One form of dehumanization factor that is portrayed in “Heart of Darkness” is when Conrad uses many racist descriptions of the African people. During his first visit to Africa on his way to Congo, he observed that “The prehistoric man was cursing us, praying to us, welcoming us-- who could tell?” (Conrad).With the perspective of describing African people as underdeveloped and his use of words such as s “prehistoric”, “savage”, and even the derogatory N word, despite most African people in the novel were faceless and unnamed. During the novel, the protagonist, Marlow and the other white people disrespected the African people in a way that justified that being a light pigment meant superiority. It can be seen clearly from the novel that Africans were not people that deserved such disgraceful and disrespectful action from the characters and the acknowledgment of the author to prove their portrayal of Africans as animals and unworthy of a name.
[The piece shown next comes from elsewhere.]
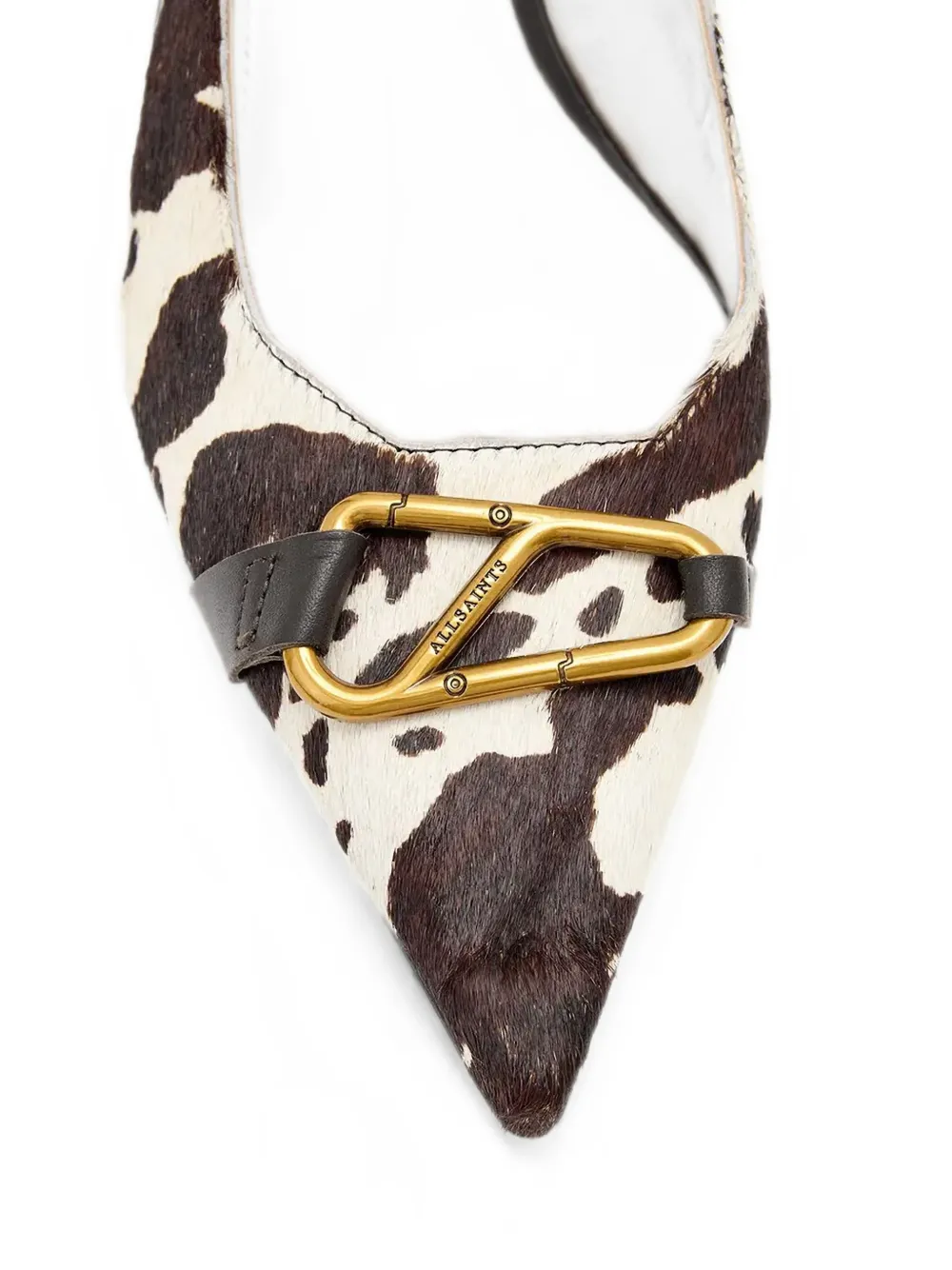 AllSaints Hera pumps met koeienprint en gesp Wit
In Chinua Achebe’s essay, “An Image of Racism”, he highlights how Conrad uses figurative language to compare Europe and Africa. Achebe asserts that “A Conrad student informed me in Scotland that Africa is merely “a setting for the disintegration of the mind of Mr. Kurtz. Which is partly the point. Africa is setting and backdrop which eliminates the African as a human factor” (Achebe, 37 and 38). This clearly shows how people in this current generation still are able to understand the moral implications in Conrad’s language is the actual problem. Although readers and critics can argue over the era and different time that “Heart of Darkness”, with the fact that this book mistreats an entire race of people, a continent as a whole and many different cultures, in today’s time, it is unacceptable. Well, everyone likes to be treated with respect, and without a doubt, Achebe acknowledges that Conrad’s writing in “Heart of Darkness” was beautiful and talented, but his work of literature can not be judged based on the technicality.

The message that is portrayed in the novel affects an entire portion of human race and crashes their beliefs and is simply not fair. Although, Conrad’s work on the novel should still be discussed alongside with Things Fall Apart and Achebe’s essay, “ An Image of Racism” for a better balanced understanding of the concepts.